2. In a deep vessel, heat some cooking oil, pop mustard seeds, add the channa dhal, asafoetida and broken red chillies and fry until the channa dhal turns light golden brown in color.
3. To step 2, pour the tamarind water from step 1, add the curry leaves and turmeric powder and bring it to a boil. Boil for about 7 - 10 minutes on medium heat or until the raw smell of tamarind goes away.
4. To the contents of step 3, add the coarse rice and keep stirring to avoid any lumps. Half way through, add some salt and mix everything well. Wait until the rice gets cooked, turn off the stove and put the lid on for about 5 - 10 minutes.
5. Just before serving, drizzle sesame oil on the top and serve with fried papad.

Although this is the not the healthiest of the dishes, it does taste good and in my opinion, there is no harm in treating yourself to such items occasionally :-).
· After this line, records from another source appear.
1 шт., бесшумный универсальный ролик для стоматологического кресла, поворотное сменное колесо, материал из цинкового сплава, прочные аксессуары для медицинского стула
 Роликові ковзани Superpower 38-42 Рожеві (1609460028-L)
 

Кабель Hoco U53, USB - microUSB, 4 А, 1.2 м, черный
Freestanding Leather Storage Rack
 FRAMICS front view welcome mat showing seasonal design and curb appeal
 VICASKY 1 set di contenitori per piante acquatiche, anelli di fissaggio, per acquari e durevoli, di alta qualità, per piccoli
Wouldn't you agree with me????

Wednesday, July 8, 2009

Fruit Salad

It's summer time here and I see a huge variety of fruits at the grocers. So, I buy one of each variety and treat myself to this simple yet tasty fruit salad :-).

Ingredients:

Fruits of your choice cut into bite sized pieces (be sure to include dates) - 2 to 3 cups (using a measuring cup) in total
Honey - about 2 to 3 tablespoons (vary this to suit your taste)
Vanilla extract (optional) - a couple of drops

Procedure:

1. Mix the cut fruits and honey in a bowl, chill and serve. I add honey so that even the fruits that are slightly sour by nature blend well with the others.

At times, when I don't care much about calories, I top the fruit salad with a scoop of store bought ice cream of my choice :-). How easy a dessert is it????!!!!